*Action item*.
Leave the pictures out, and repeat exactly every line from the one with "Halloween Cat Drop Earring" through the end of the data below.

*Records excerpted from a collection*.
↓
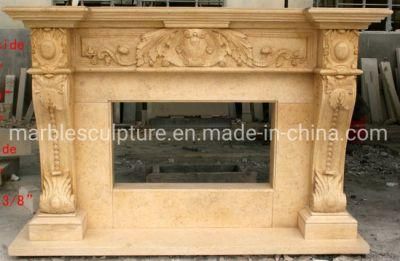 Hand Carved Natural Stone Marble Fireplace for Interior Decoration (SYMF-206)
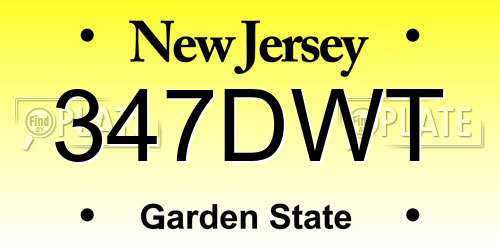 347DWT New Jersey License Plate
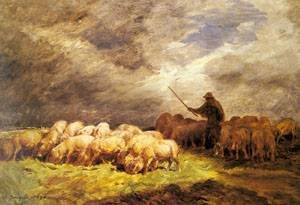 Peinture à l'huile The Swineherd par Charles Emile Jacque toile 12x16 pouces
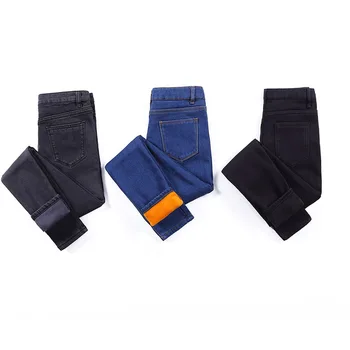 

WKOUD Women 2018 Winter Jeans Korean New Solid Skinny Pencil Pants Stretch Black Fleeces Denim Trousers Blue Hot Jeans P8565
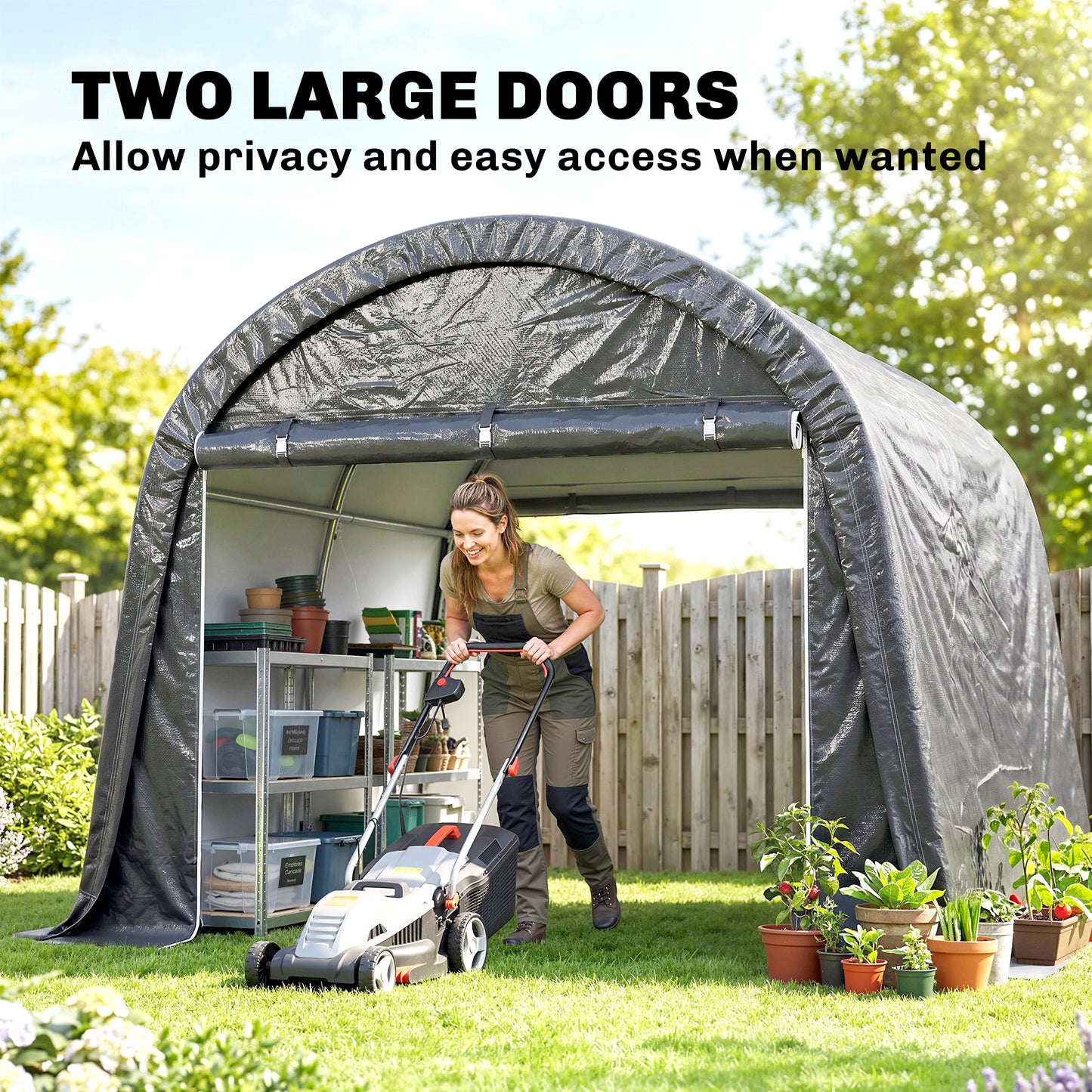 3 x 3(m) Garden Storage Tent, Heavy Duty Outdoor Shed with 2 Doors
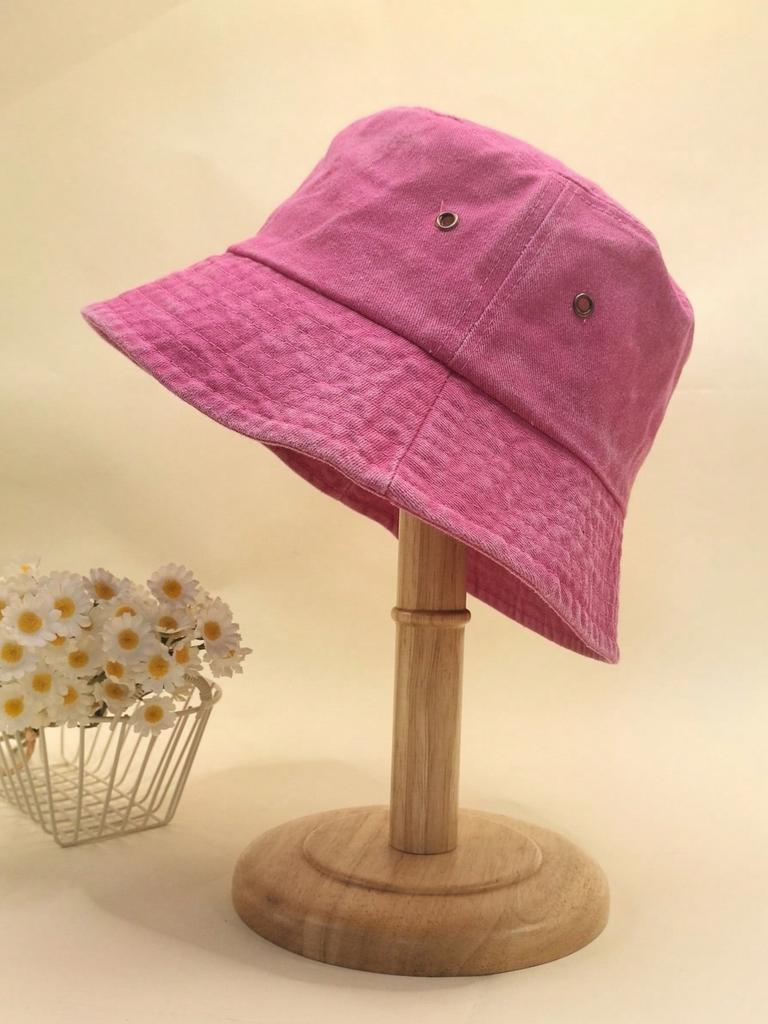 1pc Women Solid Color Washed Bucket Hat, Foldable Distressed Fishing Cap For Outdoor Sunshade, Unisex Style, Suitable For Daily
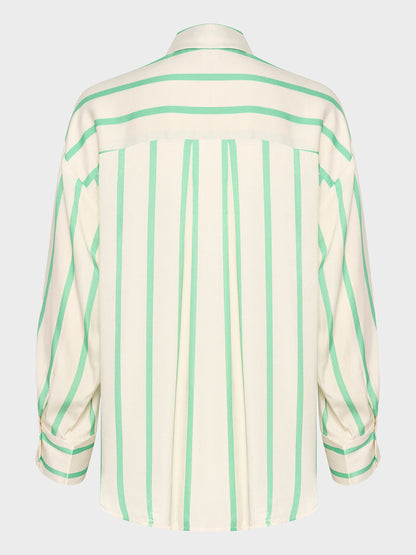 Off White W. Green Stripe MiaMW Shirt by My Essential Wardrobe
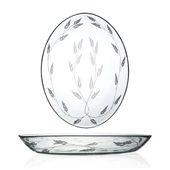 Decocia 2 Adet 25cm Oval Cam Salata Sunum Tabağı Sürgün Desenli - 2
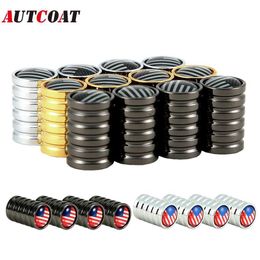 AUTCOAT PcsSet Fashion American Flag Valve Stem Cap Tyre Valve Stem Caps fits Cars Trucks Bikes Motorcycles Bicycles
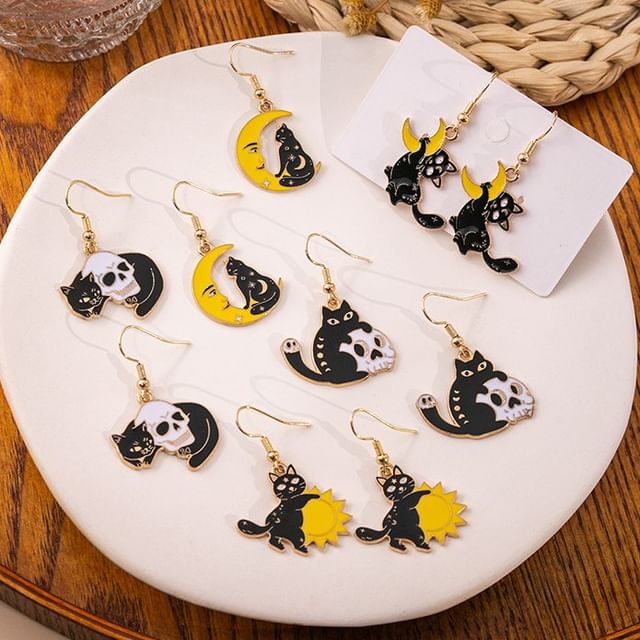 Halloween Cat Drop Earring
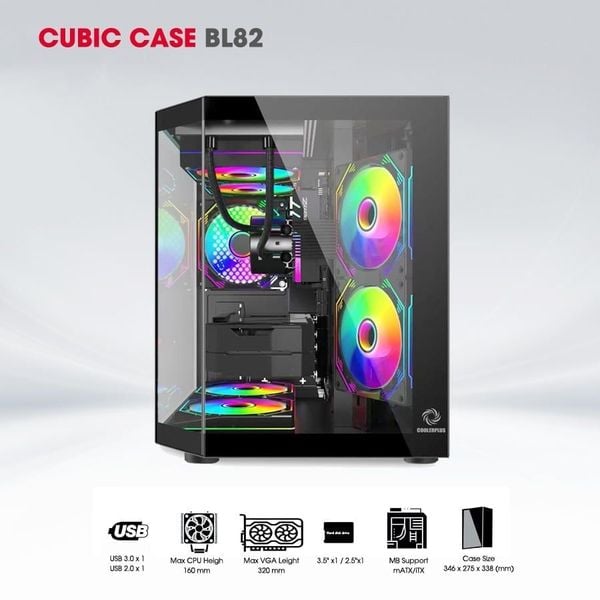 Thùng máy tính Gaming Coolerplus CUBIC BL82 M-ATX - Màu đen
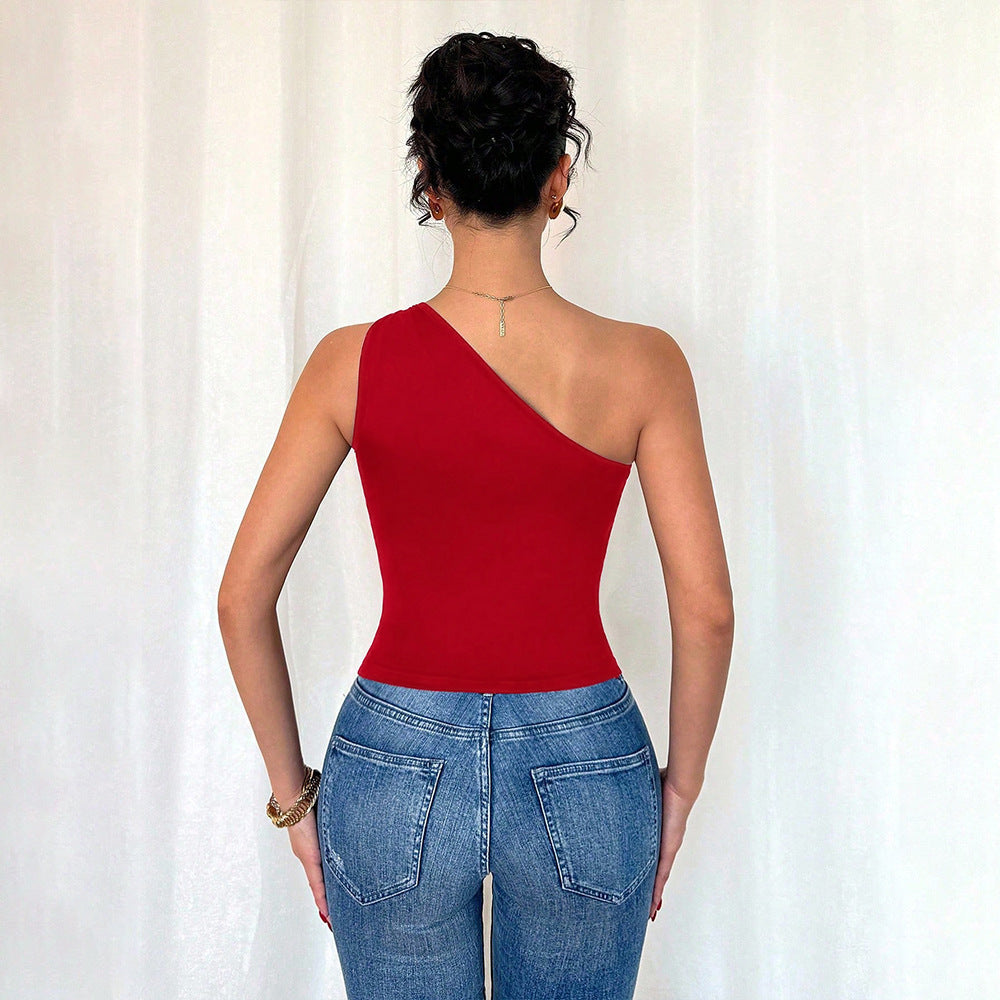European and american cross-border e-commerce red tank top - summer sleeveless one-shoulder slim-fit metallic detail t-shirt top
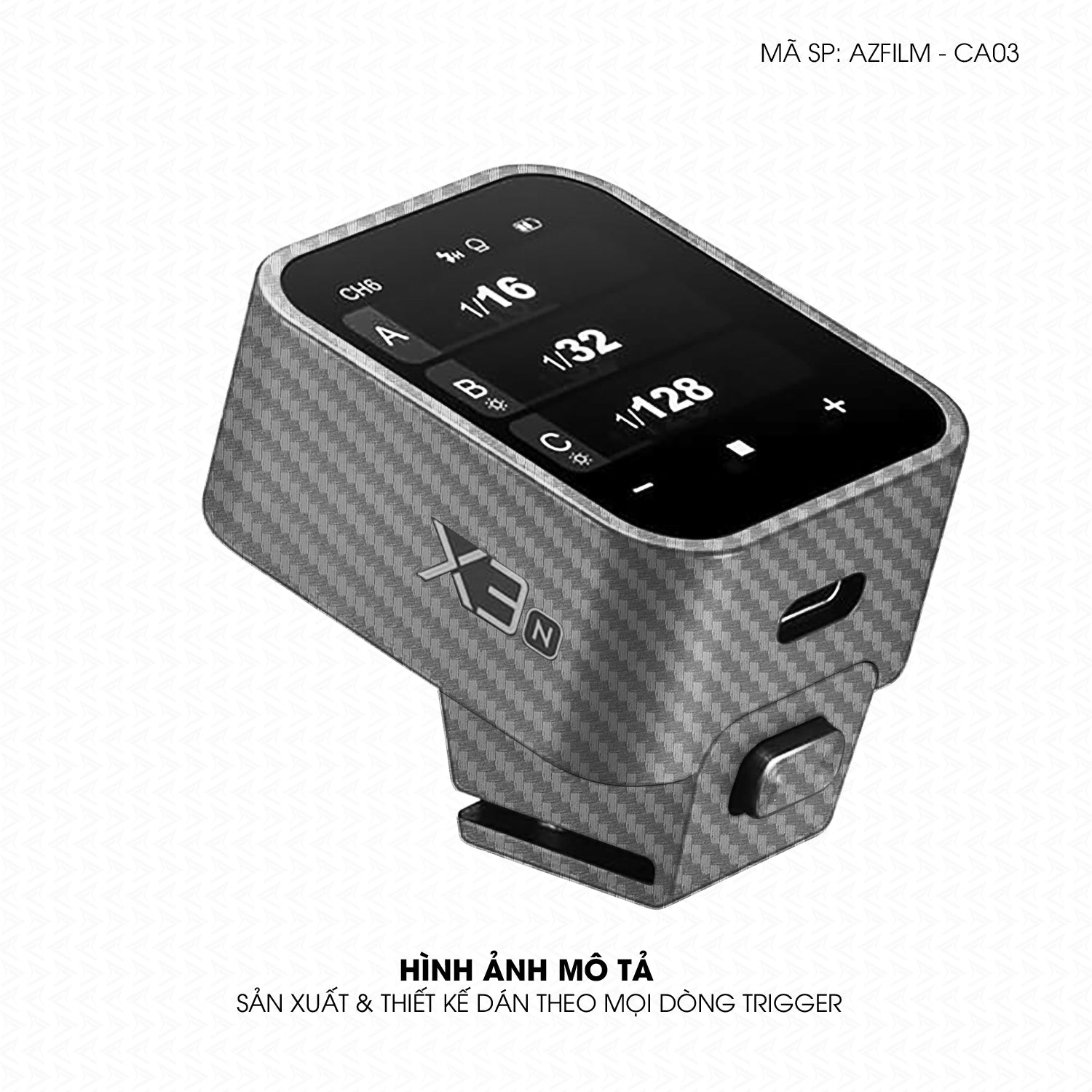 Dán Skin Trigger Máy Ảnh Vân Carbon Xám | AZFILM-CA03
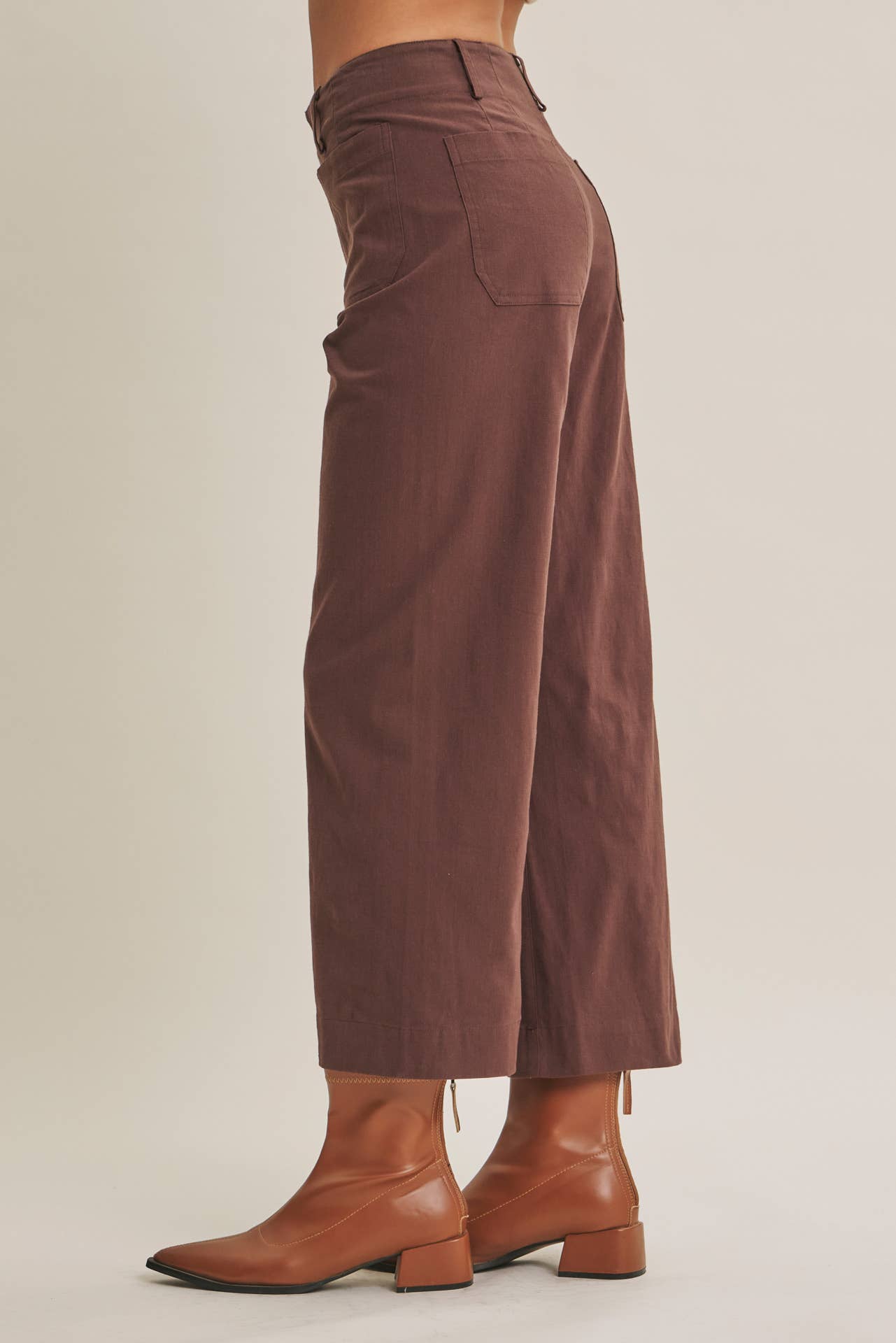 SEASONLESS STRETCHY COTTON LINEN ANKLE PANTS WITH POCKETS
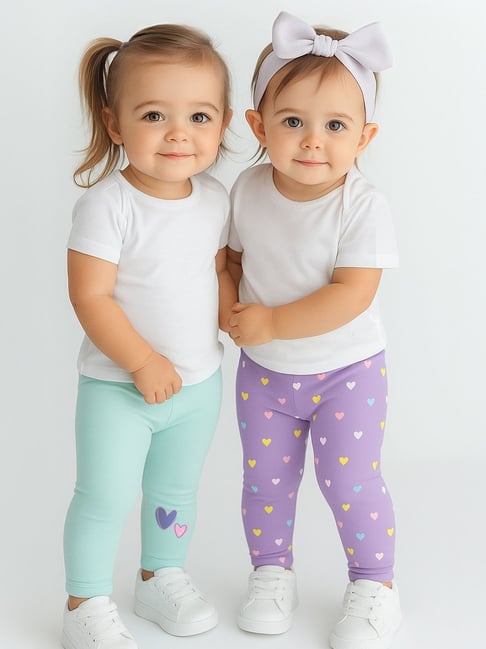 Nauti Nati Girls Blue & Lavender Graphic Print Leggings-picture-34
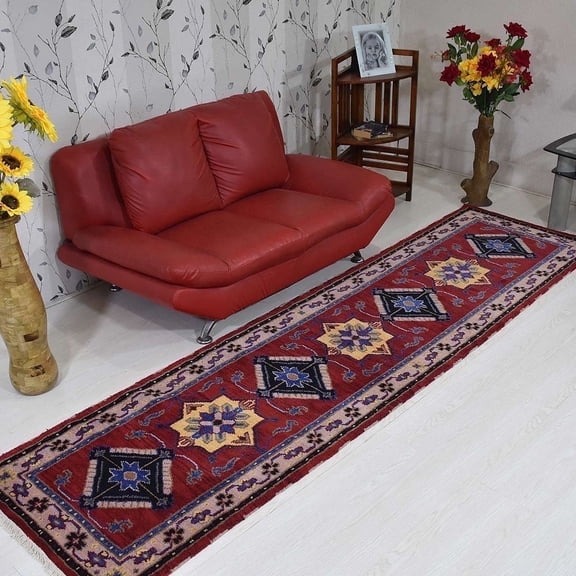 Rugsotic Carpets Eco-Friendly Handmade Knotted Red Beige Oriental Area Rugs, 2'6"x10', Runner, Silk And Wool, Quick Dry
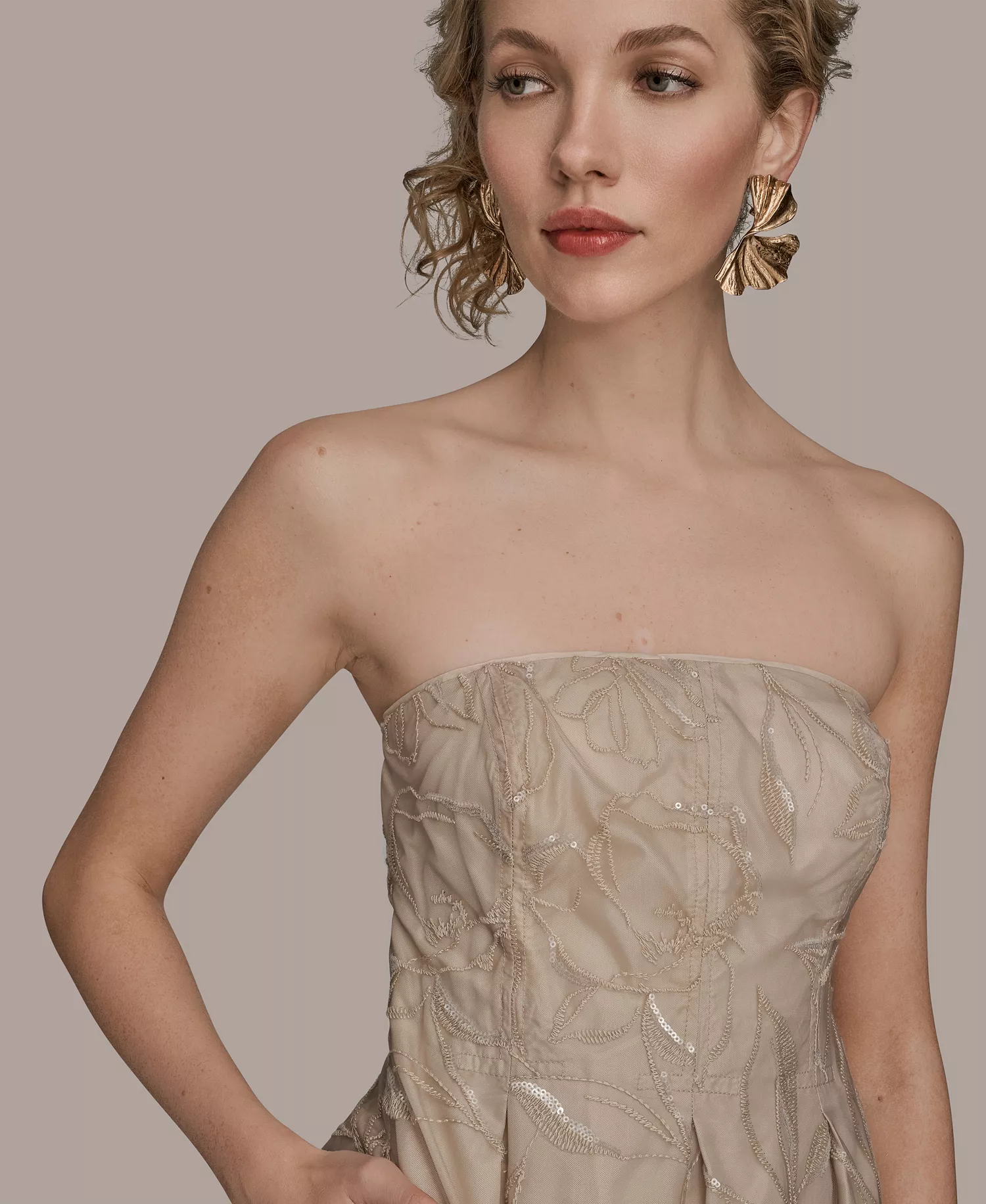 Women's Strapless Fit & Flare Midi Dress - Beige - 10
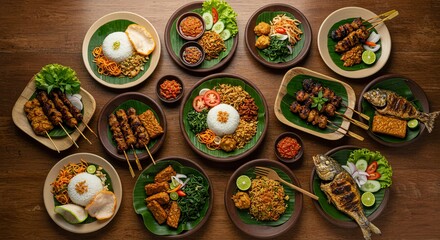 Various Authentic Balinese Dishes Served in Rustic Style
↑
*Response to the task*.
 Halloween Cat Drop Earring
 Thùng máy tính Gaming Coolerplus CUBIC BL82 M-ATX - Màu đen
European and american cross-border e-commerce red tank top - summer sleeveless one-shoulder slim-fit metallic detail t-shirt top
 Dán Skin Trigger Máy Ảnh Vân Carbon Xám | AZFILM-CA03
 SEASONLESS STRETCHY COTTON LINEN ANKLE PANTS WITH POCKETS
 Nauti Nati Girls Blue & Lavender Graphic Print Leggings-picture-34
 Rugsotic Carpets Eco-Friendly Handmade Knotted Red Beige Oriental Area Rugs, 2'6"x10', Runner, Silk And Wool, Quick Dry
 Women's Strapless Fit & Flare Midi Dress - Beige - 10
 Various Authentic Balinese Dishes Served in Rustic Style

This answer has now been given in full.